The Bank of Canada has decided to maintain its benchmark interest rate at 2.25 percent for the second consecutive meeting. However, the future trajectory may be subject to change due to uncertainties arising from ongoing trade negotiations with the U.S. and Mexico. Governor Tiff Macklem stated during a press conference in Ottawa that the bank’s economic outlook has not significantly changed since the October projection. Nevertheless, increased uncertainty and a wider range of potential outcomes are now evident, largely due to the unpredictable nature of U.S. trade policies and elevated geopolitical risks.
The upcoming review of the Canada-U.S.-Mexico Agreement (CUSMA) presents a significant source of economic uncertainty and is deemed a crucial risk to Canada’s economic prospects, according to Macklem. He acknowledged the shift away from open, rules-based trade with the U.S., emphasizing the need for adaptation to this new reality. Macklem cautioned that while Canada’s efforts to diversify trade may partially offset the damage caused by the U.S. trade war, it won’t eliminate the structural impact on the economy.
Macklem highlighted that the current economic projections of the central bank are based on a scenario where U.S. tariffs on Canada remain in effect, and specific exemptions under CUSMA sustain some level of free trade with the U.S. However, this could change pending the outcome of the review. Additionally, ongoing threats to the independence of the U.S. Federal Reserve are contributing to heightened economic uncertainty globally, including in Canada.
In terms of GDP growth expectations for 2026-2027, the central bank anticipates modest gains, with the inflation rate likely to remain near its two percent target. Despite a strong third quarter, economic growth is expected to have slowed in the fourth quarter due to the impact of U.S. tariffs on Canadian exports. Domestic spending is showing signs of improvement, and the central bank foresees a recovery in business investment, which has been sluggish amid the prevailing uncertainties.
Employment has seen an uptick in recent months, but Canada’s unemployment rate remains high at 6.8 percent, with few businesses planning to increase hiring in the near future, as per the Bank of Canada’s Business Outlook Survey. The central bank projects average GDP growth of 1.1 percent in 2026 and 1.5 percent in 2027, aligning with the forecasts made in the October Monetary Policy Report.
Governor Macklem reiterated that the current interest rate is deemed appropriate to maintain inflation close to the target. However, the bank stands ready to adjust its stance should the economic outlook shift. While the decision to keep rates unchanged was expected, some concerns remain about economic growth due to trade uncertainties and a slowdown in underlying inflation trends.

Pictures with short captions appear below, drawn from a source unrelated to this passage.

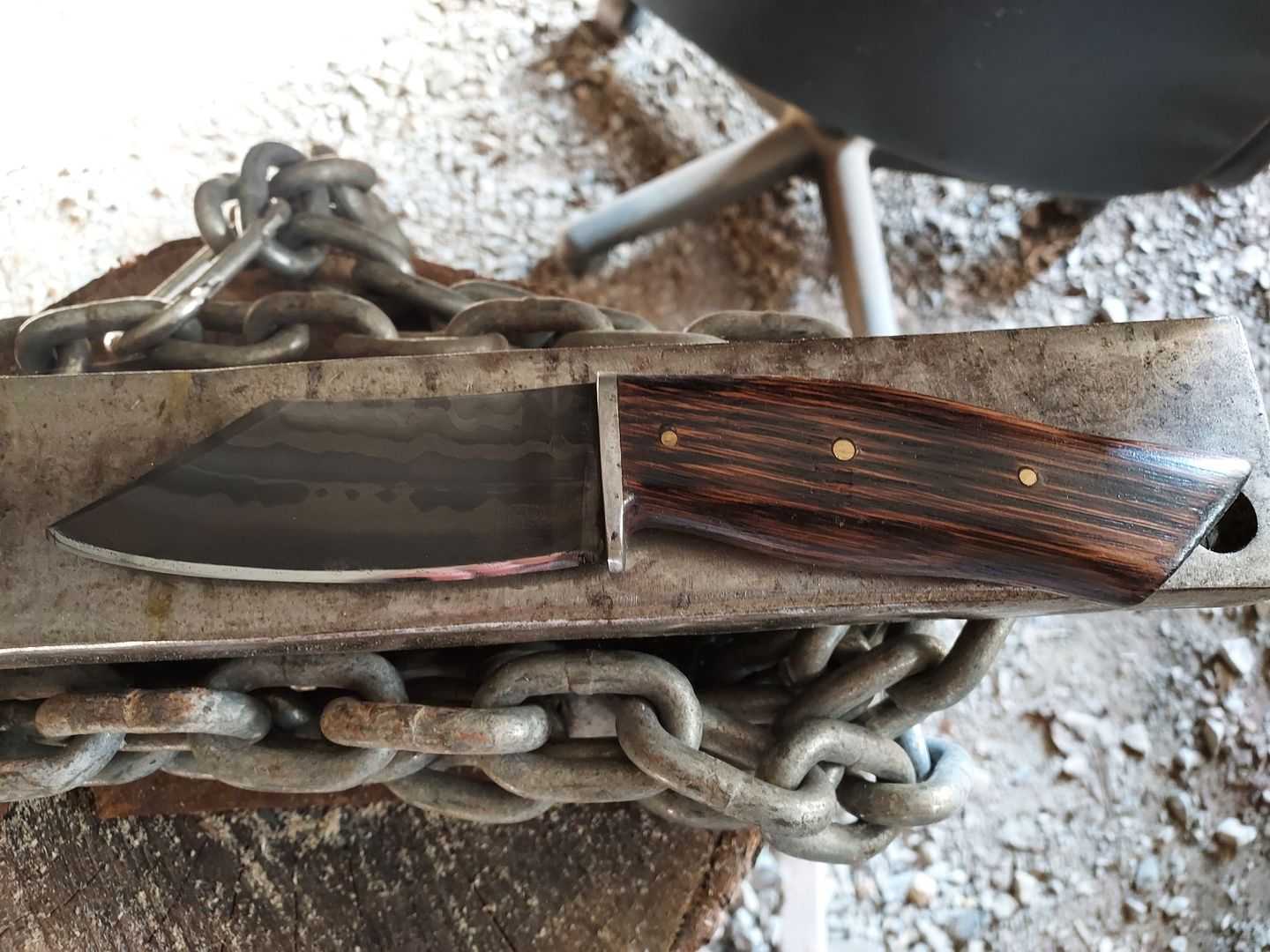 Customer photo review of 2" x 72" Sanding Belts for Finishing & Sharpening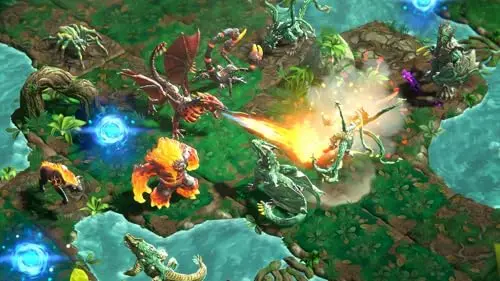 Eldrador Creatures Shadowfall PS5 - vue 3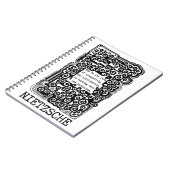 RUHE und Barbarei von Nietzsche Notizblock (Linke Seite)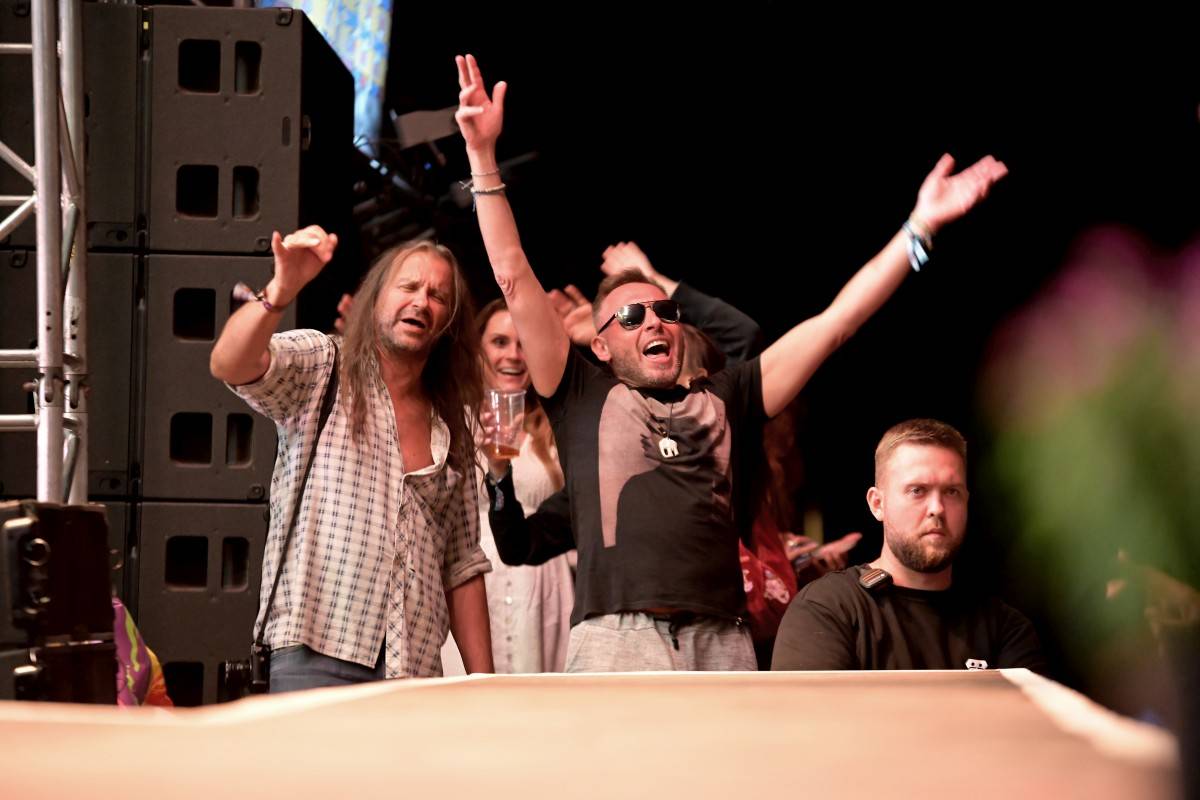 TrutnOFF, den třetí: The Wailers, Monkey Business i Lucie ovládli areál Na Bojišti. Kodymova kytara skončila v publiku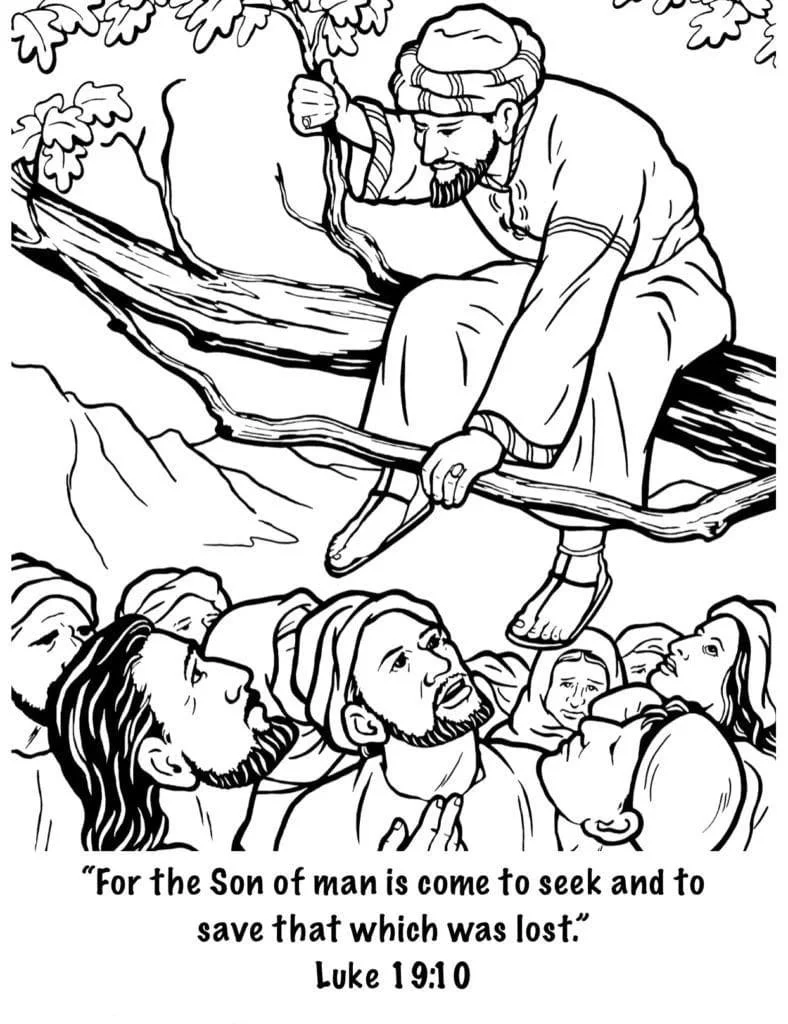 Bibel Ausmalbilder 6
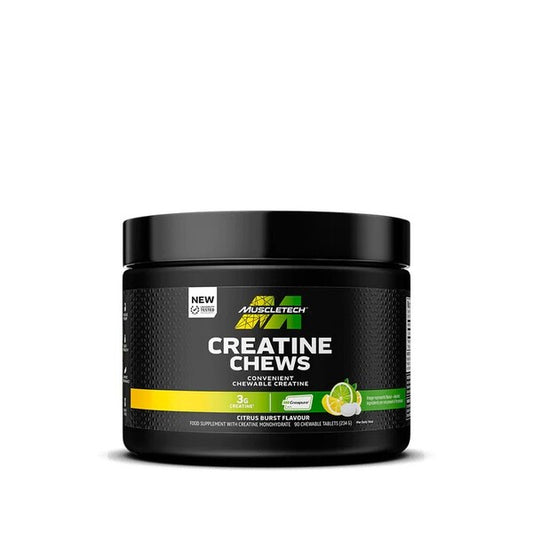 MuscleTech Creatine Chews  - 90 chewable tablets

Avery Shenfeld, chief economist at CIBC Capital Markets, noted that the central bank’s assessment aligns with expectations, leaning towards growth concerns amidst trade uncertainties and a reassuring deceleration in underlying inflation. Shenfeld maintained a forecast of no interest rate changes by the Bank in 2026, with a higher likelihood of a rate cut than a hike, given the uncertainties in trade negotiations and prevailing economic slack.